There are two common misconceptions that hinder parents from raising emotionally resilient children. The first is that “healthy children” have appropriate emotional reactions. The second is that “good parents” are immediately able to help their children overcome negative emotions.
First, do not believe the lie that only “healthy children” have appropriate emotional reactions. You may become fixated on solving a problem that does not exist. If your child is under the age of 8 and your ONLY concern is that he/she displays overly negative emotions, please know that this is completely age appropriate. Children tend to become upset when they are denied access to what they want, are made to do what they do not want to do, are not given enough attention, or are physically overwhelmed (tired, hungry, etc). If they are over the age of 8, you should see a SLOW improvement in their ability to display self-control when they become upset. Once puberty starts, just try to remember how hard that season of life was on you and model the reactions you want to see.
Second, the idea that “good parents” can immediately manage their child’s negative emotions is false.

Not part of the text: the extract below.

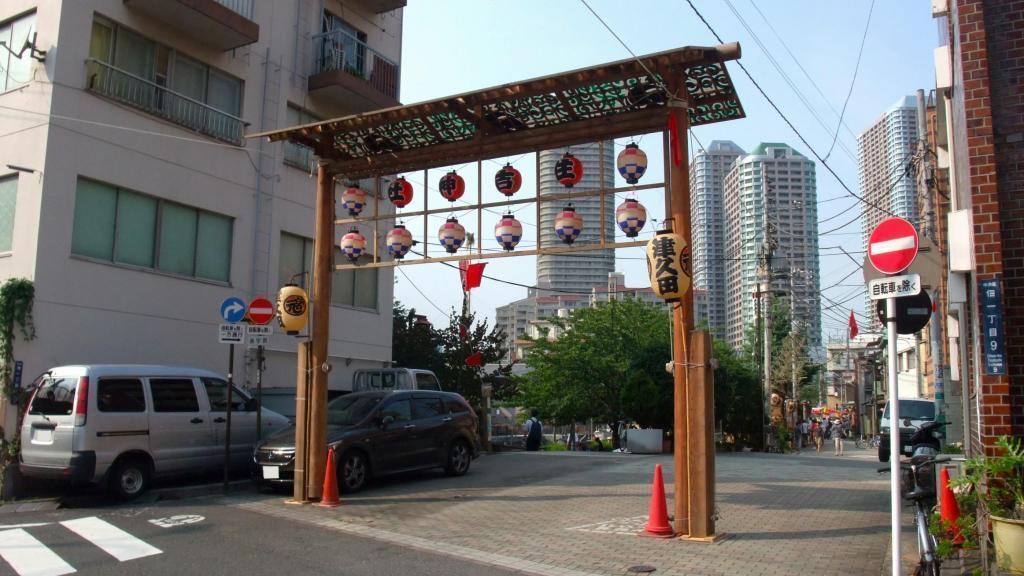 Challenge the town walking guide at Torii Tsukuda at Tsukuda Bridge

If children are not forced to struggle through their own negative emotions, they are bypassing a vital part of the developmental process. Sometimes what appears to be “good parenting” is detrimental for character building. We help children build character and emotional resilience by simply sitting with them in difficult moments.
What does it mean to “sit” with your struggling child?

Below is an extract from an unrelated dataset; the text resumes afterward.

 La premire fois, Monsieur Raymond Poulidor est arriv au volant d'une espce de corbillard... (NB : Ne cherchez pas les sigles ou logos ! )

- It is telling your toddler that he cannot have another cookie and holding him close when he starts to cry. It is not redirecting his attention to distract him from the frustration.
- It is actively listening to your preteen tell a story about how mean her friends can be. It is not helping her see another perspective or telling her how to respond more appropriately.
- It is letting your child be afraid. It is not dismissing the fear or allowing it to dictate his behavior.
- It is letting your daughter push the Legos away when her Lego tower falls apart. It is not giving her instructions on how to take deep breaths instead.
Excellent parents just sit in the struggle with their children. They save teaching for when learning is optimal. They do not attempt to solve, control, or avoid their child’s negative emotions. Despite the circumstances, they remain focused on their goal of raising emotionally regulated adults who can respond appropriately when things do not go their way.
Excellent parents focus on actions more than feelings and attitudes. When they do this, they help their children learn that their feelings cannot dictate their behavior. They do not attempt to make their children “feel good” about doing hard things. Instead, they do it with them. If their child does not want to go to the bathroom, they take her anyway. If their child is afraid of jumping in the pool, they jump in with him. It is easy to parent with words, but excellent parents speak with their actions.
Excellent parents help their children understand that it is normal to experience all 87 emotions. They do not teach their children to chase “good” emotions and avoid the “bad”. They help children understand that negative emotions are not problematic, but a normal part of enjoying life to its fullest.
Be an excellent parent by being strong enough to just sit with your children when they experience negative emotions, stay calm when they display inappropriate reactions, and take the necessary actions to do the hard things with them instead of simply talking to ease your own discomfort.